**Supplied data**

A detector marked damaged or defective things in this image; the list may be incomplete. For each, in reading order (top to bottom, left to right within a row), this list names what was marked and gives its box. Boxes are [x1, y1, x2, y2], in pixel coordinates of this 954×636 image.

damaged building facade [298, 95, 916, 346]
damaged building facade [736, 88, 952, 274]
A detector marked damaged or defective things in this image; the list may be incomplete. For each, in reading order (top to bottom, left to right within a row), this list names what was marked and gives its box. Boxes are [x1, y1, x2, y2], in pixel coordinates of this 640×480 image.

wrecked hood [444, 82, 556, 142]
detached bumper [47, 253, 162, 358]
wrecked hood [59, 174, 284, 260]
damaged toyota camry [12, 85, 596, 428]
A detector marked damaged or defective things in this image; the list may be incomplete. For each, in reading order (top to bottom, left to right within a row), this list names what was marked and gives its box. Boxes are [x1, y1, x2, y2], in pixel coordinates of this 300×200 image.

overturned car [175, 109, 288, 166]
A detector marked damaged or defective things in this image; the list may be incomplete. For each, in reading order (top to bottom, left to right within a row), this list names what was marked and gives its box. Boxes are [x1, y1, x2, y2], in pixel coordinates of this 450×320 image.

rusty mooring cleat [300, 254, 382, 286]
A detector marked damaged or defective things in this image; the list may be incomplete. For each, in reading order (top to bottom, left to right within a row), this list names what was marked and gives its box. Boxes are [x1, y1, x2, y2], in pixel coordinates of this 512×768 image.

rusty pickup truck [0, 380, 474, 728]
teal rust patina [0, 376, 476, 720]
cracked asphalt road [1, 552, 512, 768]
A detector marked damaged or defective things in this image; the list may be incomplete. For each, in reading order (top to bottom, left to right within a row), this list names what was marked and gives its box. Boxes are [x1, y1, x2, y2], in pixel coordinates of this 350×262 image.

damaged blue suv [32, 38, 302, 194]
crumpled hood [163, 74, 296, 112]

**Work order**
Above are the records; set each one down word for word.

**Your solution**
A detector marked damaged or defective things in this image; the list may be incomplete. For each, in reading order (top to bottom, left to right within a row), this list names what was marked and gives its box. Boxes are [x1, y1, x2, y2], in pixel coordinates of this 954×636 image.

damaged building facade [298, 95, 916, 346]
damaged building facade [736, 88, 952, 274]
A detector marked damaged or defective things in this image; the list may be incomplete. For each, in reading order (top to bottom, left to right within a row), this list names what was marked and gives its box. Boxes are [x1, y1, x2, y2], in pixel coordinates of this 640×480 image.

wrecked hood [444, 82, 556, 142]
detached bumper [47, 253, 162, 358]
wrecked hood [59, 174, 284, 260]
damaged toyota camry [12, 85, 596, 428]
A detector marked damaged or defective things in this image; the list may be incomplete. For each, in reading order (top to bottom, left to right within a row), this list names what was marked and gives its box. Boxes are [x1, y1, x2, y2], in pixel coordinates of this 300×200 image.

overturned car [175, 109, 288, 166]
A detector marked damaged or defective things in this image; the list may be incomplete. For each, in reading order (top to bottom, left to right within a row), this list names what was marked and gives its box. Boxes are [x1, y1, x2, y2], in pixel coordinates of this 450×320 image.

rusty mooring cleat [300, 254, 382, 286]
A detector marked damaged or defective things in this image; the list may be incomplete. For each, in reading order (top to bottom, left to right within a row), this list names what was marked and gives its box. Boxes are [x1, y1, x2, y2], in pixel coordinates of this 512×768 image.

rusty pickup truck [0, 380, 474, 728]
teal rust patina [0, 376, 476, 720]
cracked asphalt road [1, 552, 512, 768]
A detector marked damaged or defective things in this image; the list may be incomplete. For each, in reading order (top to bottom, left to right within a row), this list names what was marked and gives its box. Boxes are [x1, y1, x2, y2], in pixel coordinates of this 350×262 image.

damaged blue suv [32, 38, 302, 194]
crumpled hood [163, 74, 296, 112]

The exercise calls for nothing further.